FWIW, I would recommend using the gems instead of the plugins. You can put the configs in your config/environments/test.rb as such:
config.gem 'rspec', :version => ">=1.2.6" , :lib => false
config.gem 'rspec-rails', :version => '>=1.2.6', :lib => false
config.gem 'webrat', :version => '>=0.4.4', :lib => false
config.gem 'faker', :version => '>=0.3.1', :lib => 'faker'
config.gem 'notahat-machinist', :version => '>=0.3.1', :lib => 'machinist', :source =>'http://gems.github.com'
The nice thing about gems is that you can include them on a per-environment basis. Plugins load by default in all environments.
I also use webrat, faker, and machinist ... you may want to check these out.
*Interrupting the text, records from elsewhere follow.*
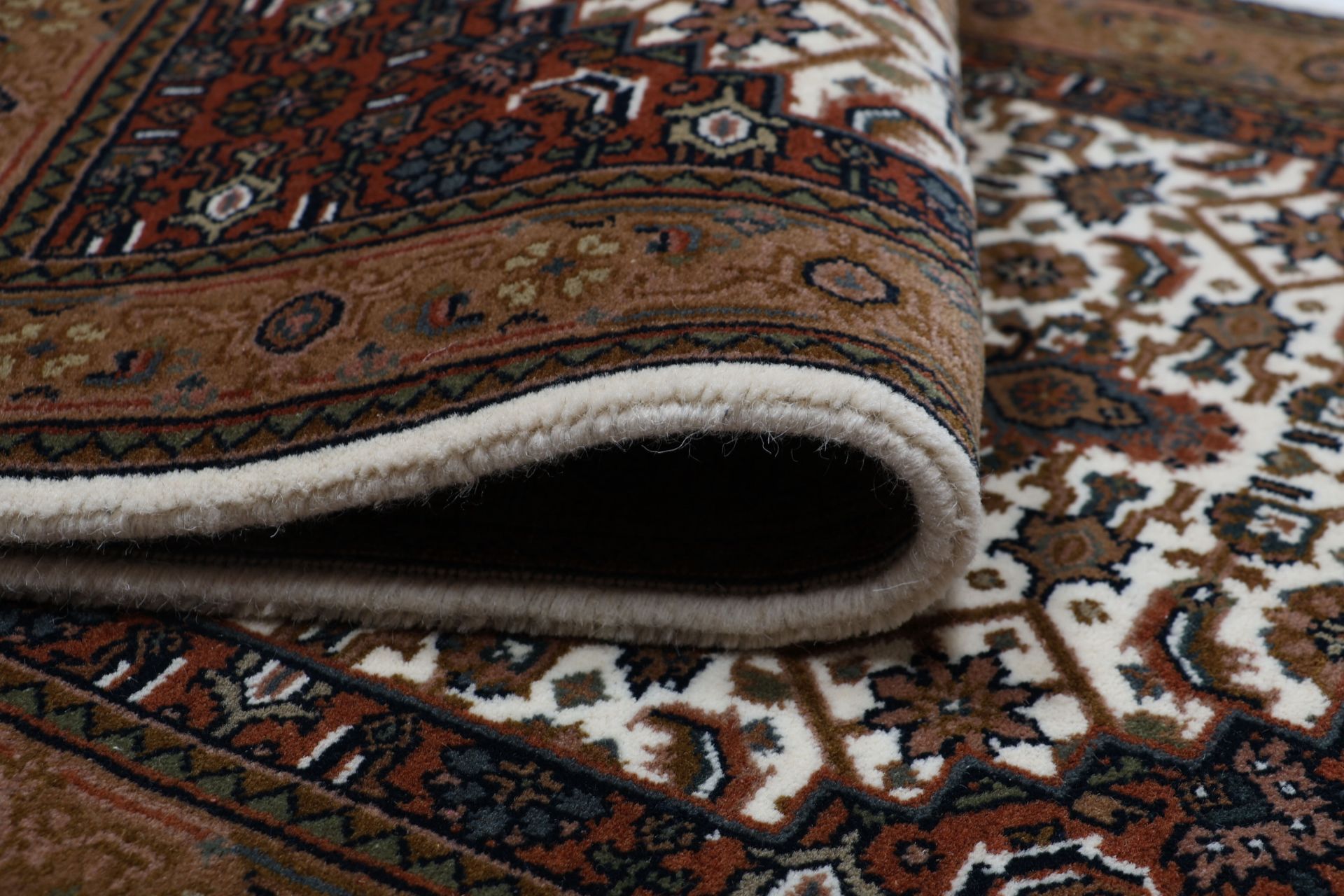 Bijar Orientteppich 80 × 200 cm aus Wolle, handgeknüpft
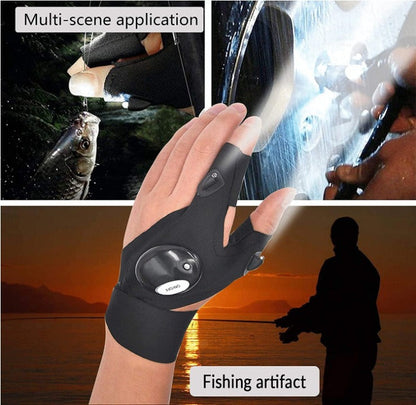 LED Flashlight Gloves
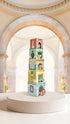Hape Museum Nesting Blocks, Official The Met Licensed Toy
Once you've updated your config file, just:
rake gems RAILS_ENV=test
and you will see that some of the gems are not installed. To install them, either do it manually, or let Rails help out:
rake gems:install RAILS_ENV=test
Finally, when you want to generate a controller and spec, just:
ruby script/generate rspec_controller some_controller_name
and when you want a model and spec:
ruby script/generate rspec_model some_model_name
These aren't scaffolding generators; they just create the empty spec files and they don't clutter up your test directory with tests you won't use because you're writing specs instead.